At the same time, investing in the IPO of a company which has been oversubscribed manifolds means that you might get only a few shares compared to the number of shares you had applied for. In every IPO, investor categories are distinguished and a portion is reserved for them. The categories defined are: qualified institutional investors, non-institutional investors, retail investors, and there could be an employee category as well. Typically, oversubscription happens when people apply for more shares than what were on offer.
So, the Rs 1,234.4 crore BSE IPO had existing shareholders selling 15.42 million shares through an offer for sale, representing 28.26 per cent of BSE’s pre-share sale capital. The portion reserved for qualified institutional buyers was subscribed 48.64 times, while that for retail investors were subscribed 6.18 times. The portion meant for non-institutional investors saw a subscription of 77.22 times.
How are shares allotted?
In cases where the issue is oversubscribed, allotment happens as per predefined rules laid out by the Securities and Exchange Board of India (Sebi) guidelines, which states that every issuer must define a minimum application amount, between Rs 10,000 and Rs 15,000. And, depending on the final issue price, the lot size is defined in terms of the number of shares. The finalisation of the basis of allotment for investors will be by Jan 31, 2017. But, it is certain that not every retail investor will get as many shares as they invested for. For instance in the case of Quess Corp IPO, the minimum lot size was 45 shares, which means anyone who applied for lesser number of shares; would have got nothing.

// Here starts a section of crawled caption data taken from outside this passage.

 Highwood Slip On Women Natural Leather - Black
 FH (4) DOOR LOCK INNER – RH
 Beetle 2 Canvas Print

Allocation to retail investors happens based on the total number of shares available for retail investors divided by the minimum lot size, which determines the maximum number of applicants who will receive allotment. Based on this figure, applicants receive the minimum lot regardless of how much they applied for. If the number of applications received is more than this, then a lottery follows. The lesson for you as an IPO investor is that, in case an IPO is oversubscribed manifolds, there are chances that more retail investors will receive nothing.

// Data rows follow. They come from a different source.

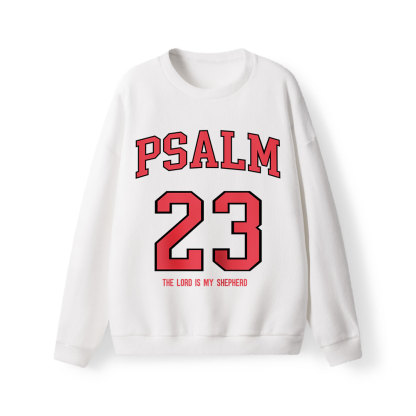 Psalm 23 Lightweight Sweater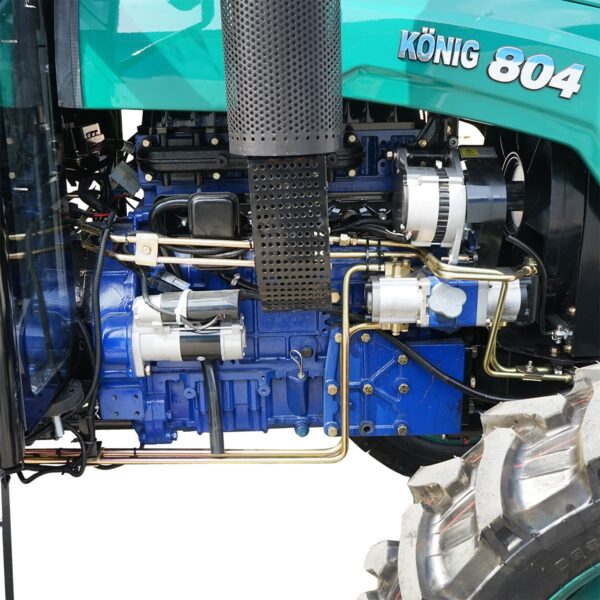 Tractor KONIG 804, 4×4, 80CP, cu cabina
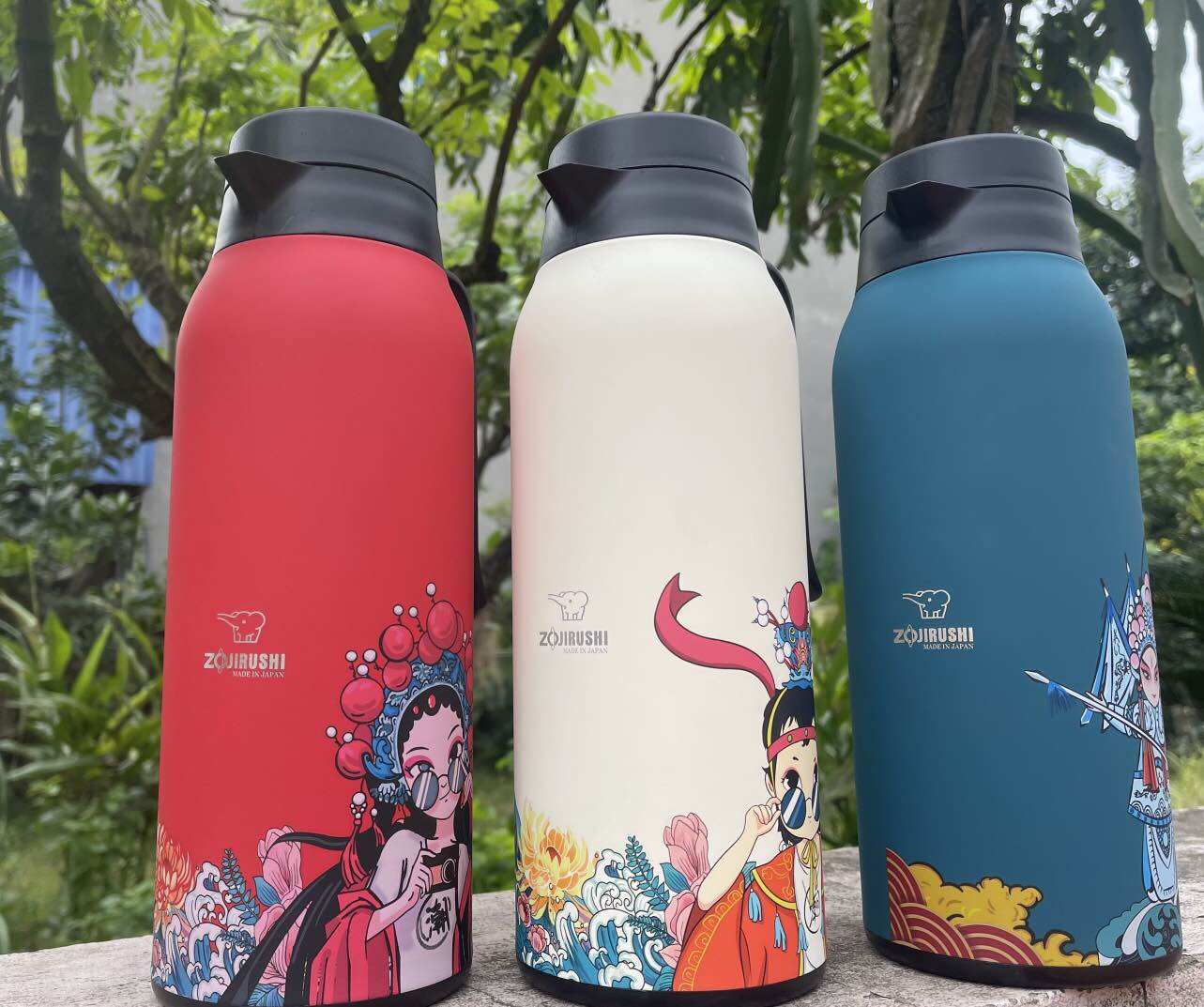 Bình giữ nhiệt hiệu con voi Nhật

When applying for an IPO, use the Application Supported by Blocked Amount (ASBA) facility available through banks, wherein your application amount is blocked and debited only when the shares get allotted. Till then, you receive interest on the blocked amount. You could bid more this way than it may be necessary whenever IPOs get highly oversubscribed. There are other advantages in using the ASBA; you can revise and even withdraw your bid by giving an application to the bank as long as the IPO is open and you sense it is lukewarm and not firing as you expected.